DMM Noise comparison testing project

[VintageNut]

Do you have the latest firmware installed?

Yes, latest FW 1.6.1 is installed

Really interesting, that you can set yours to 15.

50HZ vs 60 Hz

I am in the USA where one PLC is 1/60 of a second.

[HighVoltage]

50HZ vs 60 Hz

I am in the USA where one PLC is 1/60 of a second.

Thanks,
that might be the reason, to get almost equal integration time.

15NPLC  x 60 Hz = 900 cycles
1/60 *15 = 0,250 sec integration time

12NPLC  x 50 Hz = 600 cycles
1/50 *12 = 0,240 sec integration time
 

[Le_Bassiste]

There are four main noise sources in a DMM:
1) the ADC itself: this gives a constant noise contribution relative to the range.
2) The reference noise: this only applies if a voltage other than 0 is measured - so it does not matter for data on shorted input.
    It is proportional to the measured voltage.
3) The noise from the input Amplifier.

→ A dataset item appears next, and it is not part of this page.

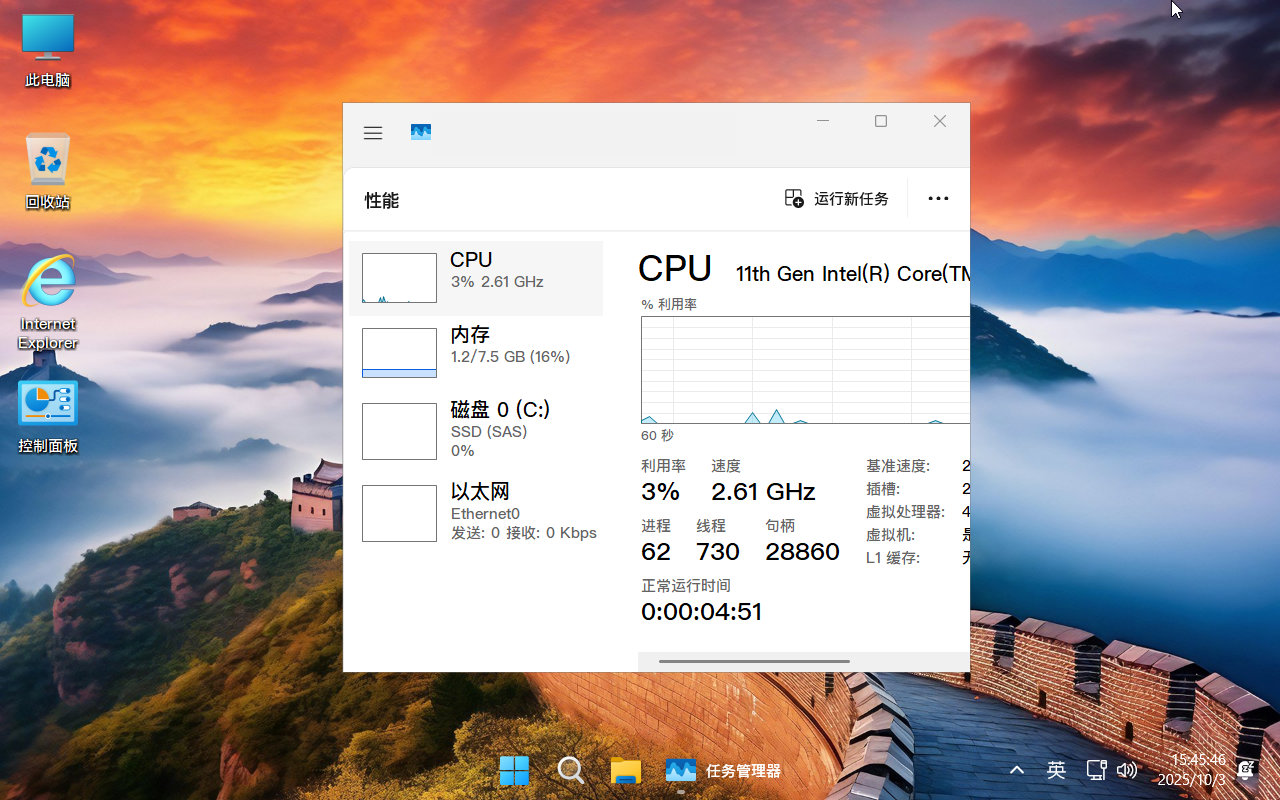 【不忘初心游戏版】Windows11 25H2（26200.6725）X64 无更新[精简版][2.95G](2025.10.3) 苹果mac字体 推荐13-15代CPU 游戏、办公、直播-图片3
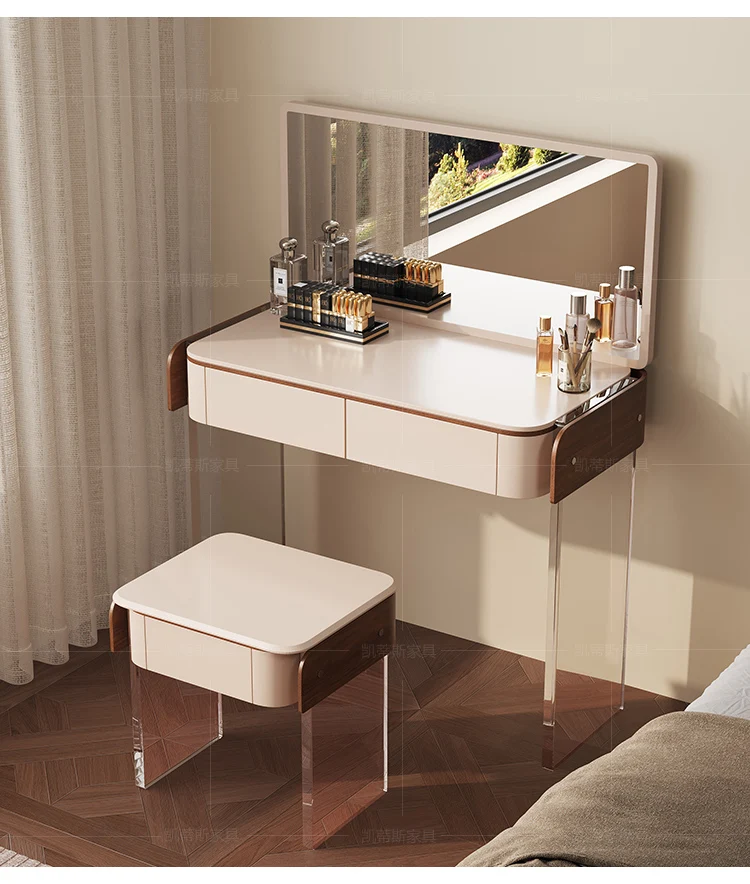 Comò minimalista italiano in legno massello moderno semplice piccolo appartamento camera da letto principale luce lusso alto senso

This noise depends on the range / amplification chose. Usually a constant noise voltage and thus increasingly important in the low voltage ranges.
4) Noise from the input protection / divider: High resistance in the input protection (e.g. series resistance) gives noise, that behaves similar to the amplifier noise. A special case is the typical 9.9 M - 100 K divider resistance, that can contribute to noise especially in the 100 V range.

The noise relative to the full scale in the 0.1 V range at 1 PLC is even lower than in the 10 V range, which is a little strange, but might come from the special kind of range switching used. It's also possible to have quite some quantization noise at 1 PLC and thus a noise level that can change with offsets / the exact measured voltage.

If there would be significant amplifier noise, the 0.1 V range should show a much higher noise than the 10 V range. So the noise must be mainly the range independent ADC noise. It's also typical to have very little amplifier noise for the range without extra amplification (e.g. 10 V range).

A second factor that point towards noise from the ADC is that the noise at 1 PLC is much higher than at 20 PLC. White noise from the amplifier would make the noise go down with the square root of the integration time. With a contribution of 1/f noise the noise would go down even slower with longer time. In contrast to this the ADC can have a noise contribution (e.g quantization or determination of residual charge) that goes down inverse proportional with the integration time - this about what is found here for the 34420. So that ADC is much better at 10/20 PLC than at 1 PLC.

thx kleinstein for clarifying on the possible noise sources!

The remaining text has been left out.